Staff has been checking references on 4Leaf. The cities of Hollister, Turlock and Palo Alto have been contacted and provided very positive references. Hollister is most similar to Livingston in terms of building service needs in that 4Leaf provides the whole building department. The City Manager of Hollister noted 4Leaf s flexibility to expand up or down to respond to their work flow needs. Palo Alto’s experience with 4Leaf is also relevant to the services sought by Livingston in that not only does 4Leaf provide Plan Checking but also Building Inspection and Permit Technician services. In Turlock, 4Leaf provides Plan Checking and on-call inspection services.
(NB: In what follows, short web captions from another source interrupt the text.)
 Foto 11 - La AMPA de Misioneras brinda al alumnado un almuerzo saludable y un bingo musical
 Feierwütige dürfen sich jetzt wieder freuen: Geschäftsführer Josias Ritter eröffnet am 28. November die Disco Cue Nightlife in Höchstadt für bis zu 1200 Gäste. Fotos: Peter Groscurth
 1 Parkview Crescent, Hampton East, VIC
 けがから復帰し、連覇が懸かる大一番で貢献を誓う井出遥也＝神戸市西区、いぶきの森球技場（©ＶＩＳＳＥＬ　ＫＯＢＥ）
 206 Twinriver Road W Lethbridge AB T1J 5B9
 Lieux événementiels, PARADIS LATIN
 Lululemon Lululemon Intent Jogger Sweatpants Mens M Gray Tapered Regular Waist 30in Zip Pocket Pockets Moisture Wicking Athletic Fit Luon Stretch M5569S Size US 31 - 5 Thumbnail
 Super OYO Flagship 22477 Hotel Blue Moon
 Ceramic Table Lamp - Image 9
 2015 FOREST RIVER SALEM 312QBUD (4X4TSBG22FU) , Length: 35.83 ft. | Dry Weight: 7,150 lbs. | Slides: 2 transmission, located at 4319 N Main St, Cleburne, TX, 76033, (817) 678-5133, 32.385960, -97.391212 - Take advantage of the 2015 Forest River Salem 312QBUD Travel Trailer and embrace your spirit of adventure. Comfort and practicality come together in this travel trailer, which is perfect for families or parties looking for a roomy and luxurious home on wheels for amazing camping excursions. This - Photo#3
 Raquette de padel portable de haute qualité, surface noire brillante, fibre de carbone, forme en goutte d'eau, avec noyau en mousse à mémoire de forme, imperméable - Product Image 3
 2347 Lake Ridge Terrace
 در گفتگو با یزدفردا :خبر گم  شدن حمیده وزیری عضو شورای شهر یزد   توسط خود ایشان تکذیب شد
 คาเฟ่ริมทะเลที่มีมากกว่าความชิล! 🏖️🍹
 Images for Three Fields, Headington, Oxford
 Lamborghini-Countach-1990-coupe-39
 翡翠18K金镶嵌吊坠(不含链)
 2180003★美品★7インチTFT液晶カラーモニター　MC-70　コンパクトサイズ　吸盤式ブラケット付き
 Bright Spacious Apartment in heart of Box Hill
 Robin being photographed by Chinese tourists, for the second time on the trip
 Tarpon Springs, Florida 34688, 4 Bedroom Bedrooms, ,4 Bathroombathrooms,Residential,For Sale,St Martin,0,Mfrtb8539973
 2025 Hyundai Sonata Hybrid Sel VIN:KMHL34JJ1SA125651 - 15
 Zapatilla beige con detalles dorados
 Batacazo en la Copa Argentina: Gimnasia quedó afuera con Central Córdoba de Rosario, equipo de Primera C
Staff has reached out to Roseville, where 4Leaf provides two in-house building inspectors and two plan checkers, but did not receive a response as of the writing of this Report.
Based upon the discussion above and the reference checks, staff recommends the City enter into an Agreement with 4Leaf, Inc. to provide Building Services to Livingston including Plan Checking, in-house Building Inspector/Code Enforcement Officer and Building Permit Technician.
Based on the current level and volume of building activity and activity in the foreseeable future, staff recommends that the Building Inspector/Code Enforcement Officer be provided at three days, 24 hours per week.
To provide good customer service, staff recommends that the Building Permit Technician be provided five days, 40 hours per week and be able to answer simple building related questions that would assist a homeowner, landlord, or small business owner with very minor non-structural repairs or additions.
A key component of this recommendation is the ability and practice of 4Leaf to expand or contract services in order to respond to changes over time in the amount and complexity of building and construction activity.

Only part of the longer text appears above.